The Dodgers redesigned the hallway leading to the Dodgers' clubhouse this season. It's an ode to the iconic LAX mosaic murals installed in 1961. But there's more to the story.
What would a baseball team in Los Angeles want from a retired artist and designer in New York?
Janet Bennett wasn’t sure.
Generations of Angelenos are familiar with her signature project. You probably have walked right past it. Those colorful tile mosaics that decorate the long corridors toward baggage claim in five terminals at Los Angeles International Airport? She designed them.
You might have seen them in the movies or on television: "Airplane!," "Mad Men" and "The Graduate," just for starters.
You might have memorized the trivia: When you passed the red tiles, you were halfway down the corridor. “Red means halfway” was shorthand for locals in the know, just like “E Ticket” or “the #19 sandwich.”

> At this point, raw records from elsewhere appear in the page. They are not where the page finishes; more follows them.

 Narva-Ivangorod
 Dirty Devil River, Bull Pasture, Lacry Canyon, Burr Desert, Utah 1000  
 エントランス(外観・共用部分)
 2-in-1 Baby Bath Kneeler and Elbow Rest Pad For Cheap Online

“It just says L.A. in so many ways,” said Janet Marie Smith, the Dodgers’ executive vice president of planning and development.

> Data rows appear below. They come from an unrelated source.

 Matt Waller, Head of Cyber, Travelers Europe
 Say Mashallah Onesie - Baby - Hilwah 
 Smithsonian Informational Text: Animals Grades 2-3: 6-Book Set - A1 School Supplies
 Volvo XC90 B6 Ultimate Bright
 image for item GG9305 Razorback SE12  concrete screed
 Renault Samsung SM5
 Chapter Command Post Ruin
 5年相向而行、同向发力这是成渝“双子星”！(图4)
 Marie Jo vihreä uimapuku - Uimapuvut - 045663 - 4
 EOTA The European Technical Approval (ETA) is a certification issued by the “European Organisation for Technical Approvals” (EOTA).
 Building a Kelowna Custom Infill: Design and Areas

The Dodgers wanted to get in touch with Bennett because they were about to install a similar tile wall at Dodger Stadium. Smith could not find Bennett, but she reached out to someone who had liked an article about Bennett that had been posted on LinkedIn. Same last name, same spelling. Smith crossed her fingers.

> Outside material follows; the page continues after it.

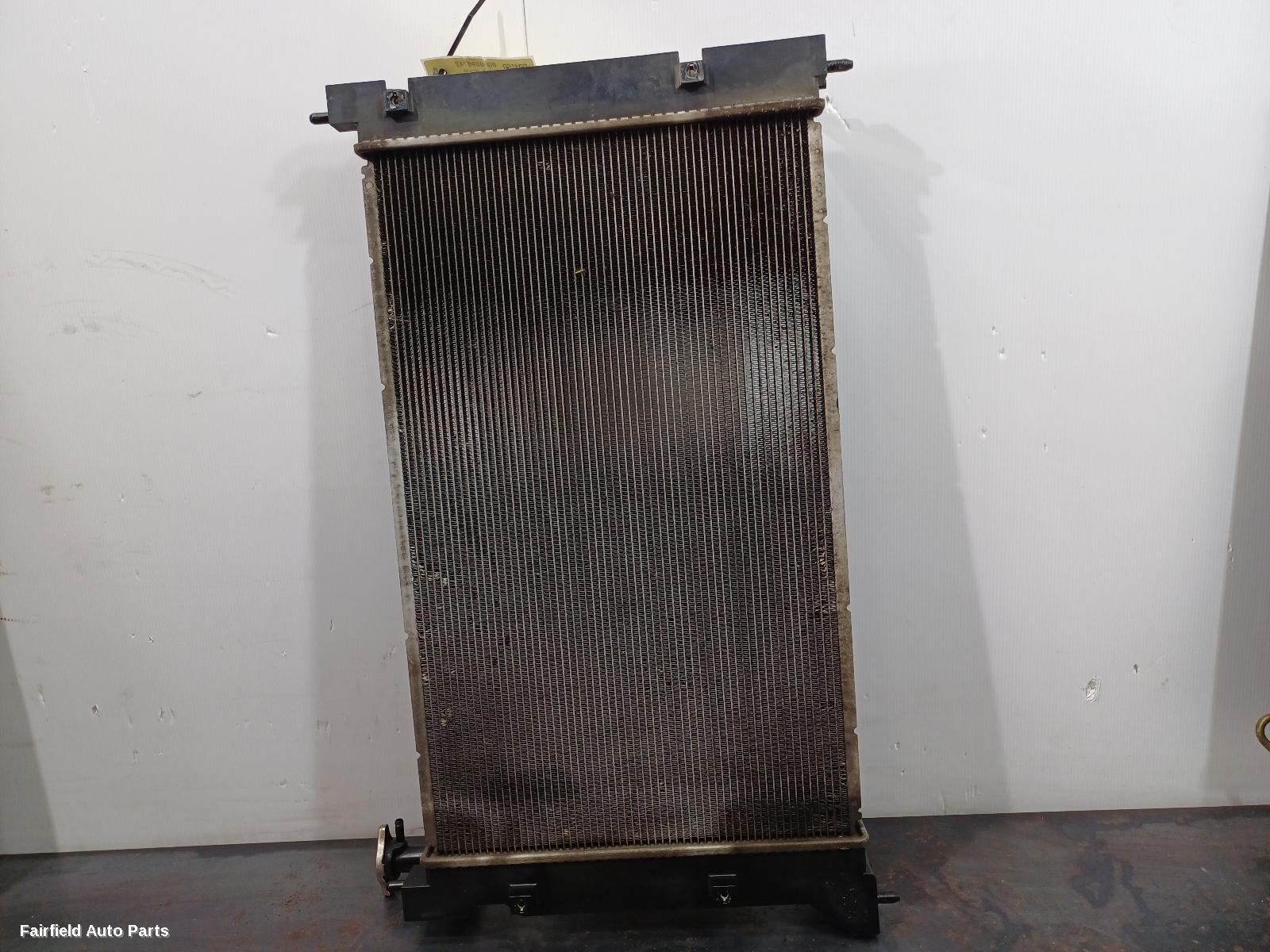 2006-2011 Mitsubishi Colt Radiator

Turned out to be a relative of Bennett. The Dodgers sent some sketches of their project and asked Bennett for her thoughts.
“I was a little disappointed I didn’t work the project,” Bennett said over the telephone, chuckling, “but I don’t think I could have done it at this stage.”
Bennett is 96, happily living one block from Central Park. The LAX project was completed in 1961 — the year before Dodger Stadium opened.
What the Dodgers really were offering was the recognition denied to Bennett six decades ago.
“I realized they just wanted my blessing,” Bennett said. “They wanted the connection. And that was very satisfying.”
And, yes, she had some thoughts for the Dodgers. She wrote them a letter by hand, the old-fashioned way. The letter got lost in the old-fashioned mail, but Bennett’s daughter had thought to take a picture of the letter, and she sent it to the Dodgers via email.
Bennett’s advice for the colors of the tiles?
“Don’t limit it,” she wrote, “to the Dodger blue.”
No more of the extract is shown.